EXERCISE DESCRIPTION
Your answer should hold the data exactly as given, minus any picture.

COLLECTED DATA
────────

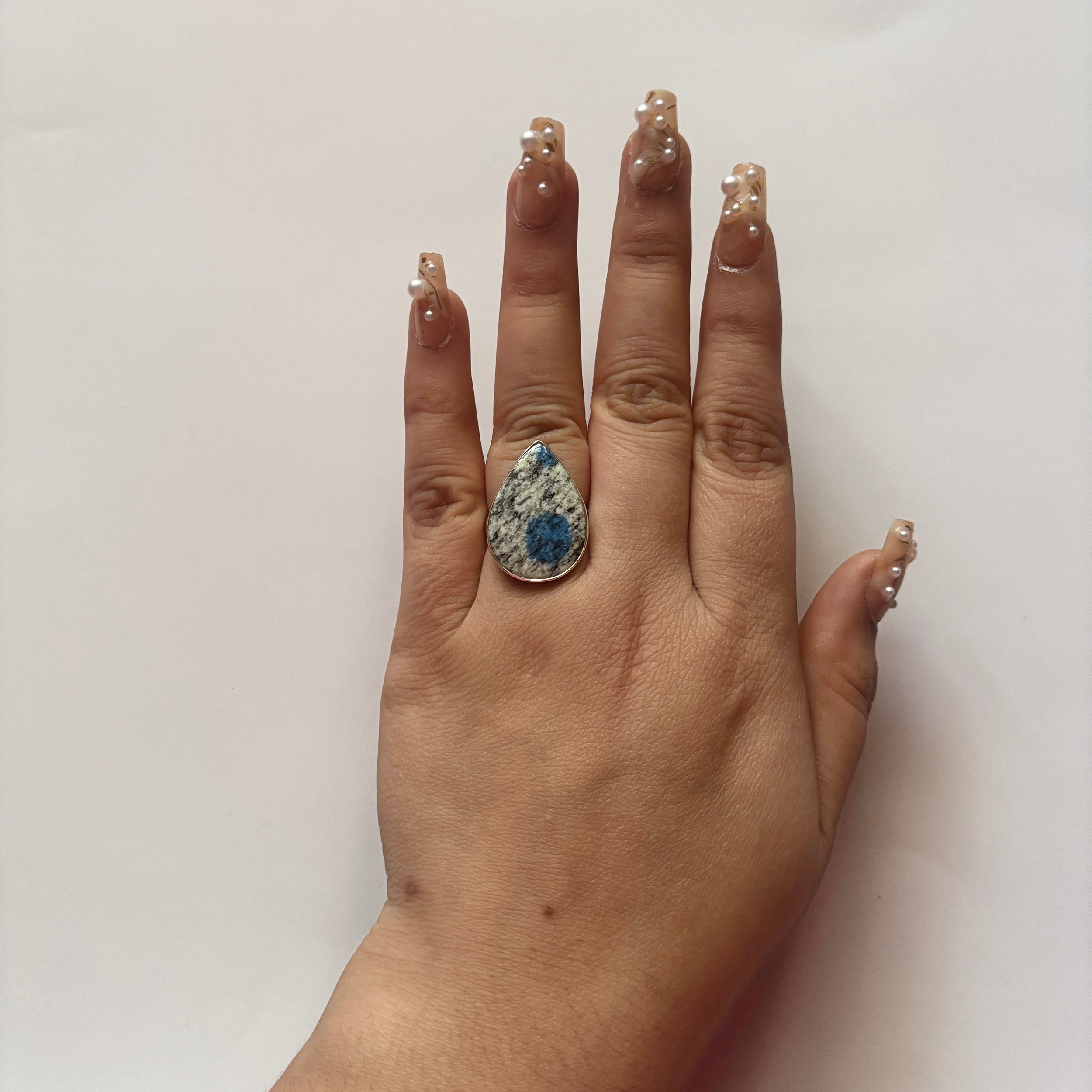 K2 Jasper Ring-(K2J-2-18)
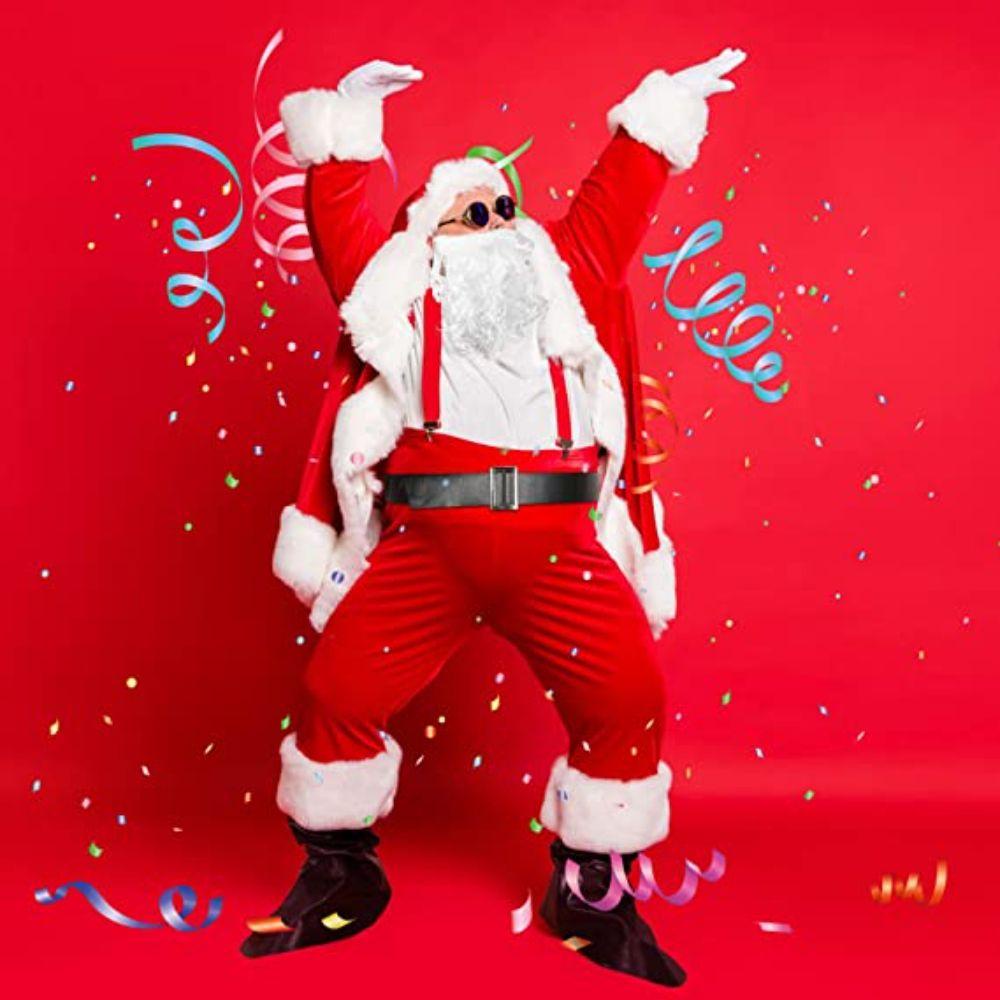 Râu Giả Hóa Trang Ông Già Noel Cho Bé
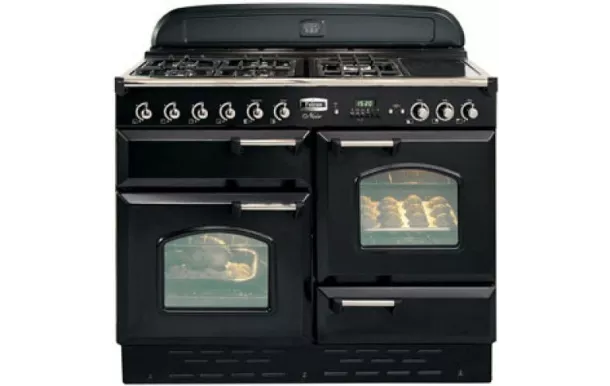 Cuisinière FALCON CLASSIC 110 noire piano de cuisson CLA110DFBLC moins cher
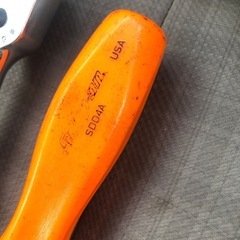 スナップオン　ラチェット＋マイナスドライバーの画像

────────

ANSWER TO THE PROBLEM
 K2 Jasper Ring-(K2J-2-18)
 Râu Giả Hóa Trang Ông Già Noel Cho Bé
 Cuisinière FALCON CLASSIC 110 noire piano de cuisson CLA110DFBLC moins cher
 スナップオン　ラチェット＋マイナスドライバーの画像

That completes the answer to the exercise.